One of the key variables impacting expansion of the donor pool is donor heart acceptance by transplant centers. A prior analysis of the Organ Procurement and Transplantation Network (OPTN) dataset examined all potential donor hearts from 1995 to 2010.5 Khush et al identified that of 82 053 potential donor hearts, only 34% were accepted and 48% were declined. The most common reasons for donor nonacceptance were older donor age, female sex, and medical comorbidities, which was concerning given that overall donor age and presence of comorbidities increased during the study period. In fact, if one examines trends in population statistics, US adults aged 45‐64 made up 26.4% of the population (81.5 million persons) and comprised the fastest growing portion of the population between 2000 and 2010, with a growth rate of 31.5%.6 Moreover, the number of adults with hypertension, prediabetes/diabetes, and obesity is 46%, 37.6%, and 39.6%, respectively, all cardiovascular risk factors that are associated with the presence of left ventricular hypertrophy.7 Even more important is that donor heart acceptance practices contribute to variability in the probability of waitlist mortality.8 With these statistics in mind, it is critical to examine whether additional information can be used to identify donors who might otherwise be suitable despite the presence of older age and other comorbid conditions.
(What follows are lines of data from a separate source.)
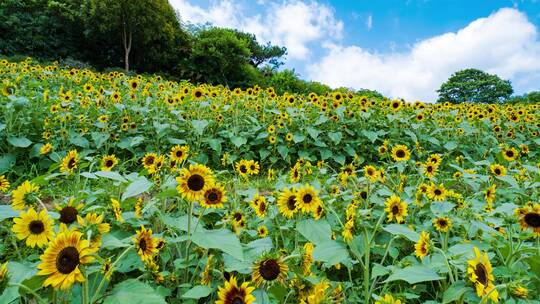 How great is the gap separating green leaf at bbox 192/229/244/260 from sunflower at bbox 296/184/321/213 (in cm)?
42

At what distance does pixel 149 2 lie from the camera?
2178 cm

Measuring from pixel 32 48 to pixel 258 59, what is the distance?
16932 millimetres

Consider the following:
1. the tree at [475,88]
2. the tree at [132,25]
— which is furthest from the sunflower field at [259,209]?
the tree at [475,88]

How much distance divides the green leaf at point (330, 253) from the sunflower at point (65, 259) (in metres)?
0.84

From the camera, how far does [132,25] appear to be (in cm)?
2230

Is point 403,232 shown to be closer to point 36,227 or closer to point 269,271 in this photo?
point 269,271

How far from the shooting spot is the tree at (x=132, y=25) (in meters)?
21.3

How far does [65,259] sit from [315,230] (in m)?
0.98

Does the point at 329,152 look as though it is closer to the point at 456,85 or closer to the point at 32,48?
the point at 32,48

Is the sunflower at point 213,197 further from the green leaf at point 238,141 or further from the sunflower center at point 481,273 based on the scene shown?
the green leaf at point 238,141

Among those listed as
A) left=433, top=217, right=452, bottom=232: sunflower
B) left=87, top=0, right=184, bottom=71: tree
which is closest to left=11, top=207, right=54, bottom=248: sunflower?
left=433, top=217, right=452, bottom=232: sunflower

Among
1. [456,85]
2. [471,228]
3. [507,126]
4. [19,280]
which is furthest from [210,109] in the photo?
[456,85]

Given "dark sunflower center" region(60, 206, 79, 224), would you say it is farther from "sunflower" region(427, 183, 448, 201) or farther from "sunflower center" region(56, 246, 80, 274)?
"sunflower" region(427, 183, 448, 201)

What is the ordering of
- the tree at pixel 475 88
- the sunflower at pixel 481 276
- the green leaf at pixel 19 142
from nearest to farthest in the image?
the sunflower at pixel 481 276
the green leaf at pixel 19 142
the tree at pixel 475 88
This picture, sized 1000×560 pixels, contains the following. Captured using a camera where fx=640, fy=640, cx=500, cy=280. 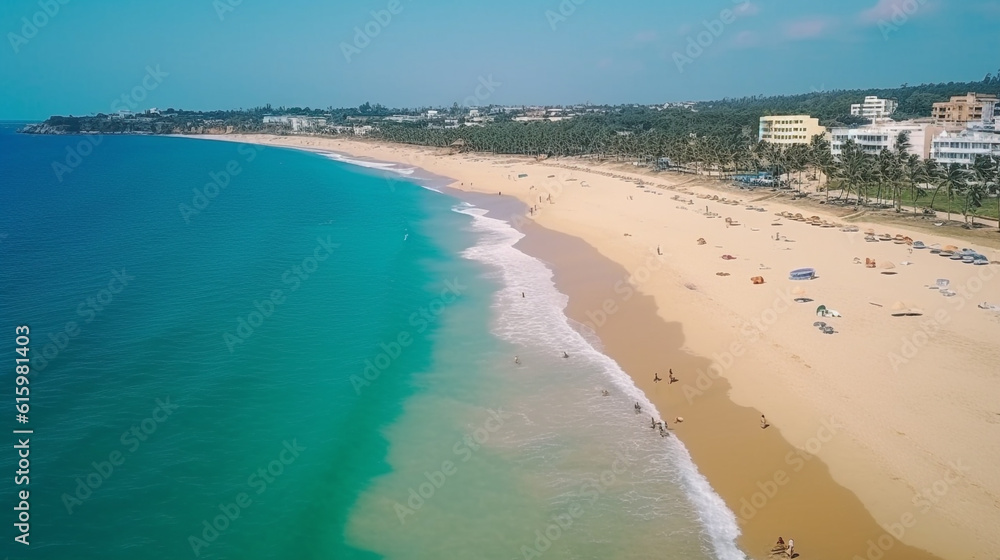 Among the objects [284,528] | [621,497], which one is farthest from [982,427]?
[284,528]

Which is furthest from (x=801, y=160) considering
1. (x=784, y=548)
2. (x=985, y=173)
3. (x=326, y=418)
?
(x=326, y=418)

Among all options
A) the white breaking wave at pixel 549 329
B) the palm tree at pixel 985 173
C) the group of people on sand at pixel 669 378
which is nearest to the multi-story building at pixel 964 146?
the palm tree at pixel 985 173

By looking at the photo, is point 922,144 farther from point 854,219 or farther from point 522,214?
point 522,214

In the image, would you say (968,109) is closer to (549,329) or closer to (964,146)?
(964,146)

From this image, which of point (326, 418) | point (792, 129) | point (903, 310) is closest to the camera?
point (326, 418)

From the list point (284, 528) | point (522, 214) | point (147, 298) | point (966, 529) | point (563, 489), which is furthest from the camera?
point (522, 214)

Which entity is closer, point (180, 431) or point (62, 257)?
point (180, 431)

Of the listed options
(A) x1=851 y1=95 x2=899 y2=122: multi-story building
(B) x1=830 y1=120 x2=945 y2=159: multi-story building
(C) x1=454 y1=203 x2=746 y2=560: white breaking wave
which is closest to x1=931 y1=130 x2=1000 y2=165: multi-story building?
(B) x1=830 y1=120 x2=945 y2=159: multi-story building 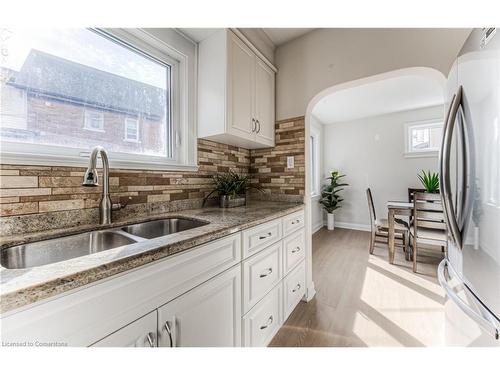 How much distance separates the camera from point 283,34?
195cm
In this issue of the American Journal of Transplantation, Khush et al again used OPTN data to identify donor, candidate, and transplant center characteristics that influence variability in donor heart acceptance across US transplant centers.9 They examined 28 088 potential heart donors and 693 420 donor heart offers made in the United States between April 2007 and December 2015. Of these potential donors, 67% were turned down by transplant centers due to concerns about donor heart quality. There are 3 key findings that highlight the significance of this analysis: (1) characteristics that predict organ acceptance: the donor characteristics that were most predictive of organ acceptance were donor age, left ventricular ejection fraction, and height. Donor cause of death and history of hypertension were also important predictors of organ acceptance, but to a lesser degree; (2) characteristics that predict organ sequence number: Transplant center volume was the primary determinant of organ sequence number, with high‐volume transplant centers being more likely than low‐volume centers to accept organs with a higher sequence number. The median sequence number of hearts accepted for transplantation was 3 (interquartile range 1‐10), with significant variability according to transplant center size. In addition to center volume, the donor characteristics that were predictive of number of offers prior to offer acceptance were ischemic time and donor age and cause of death. When examining variation across transplant centers, the variables that explained most of the variation for organ acceptance and sequence number between centers were donor age, height, race, and cause of death; (3) characteristics that predict 30‐day and 1‐year mortality and retransplantation: most of the characteristics that predict 30‐day and 1‐year mortality were recipient characteristics (race, diabetes, hypertension, and cigarette use). Donor characteristics included ischemic time, cocaine use, and hypertension, and transplant center volume was also a predictor of 30‐day and 1‐year mortality. Of all of these factors, ischemic time was the variable most predictive of 30‐day and 1‐year mortality.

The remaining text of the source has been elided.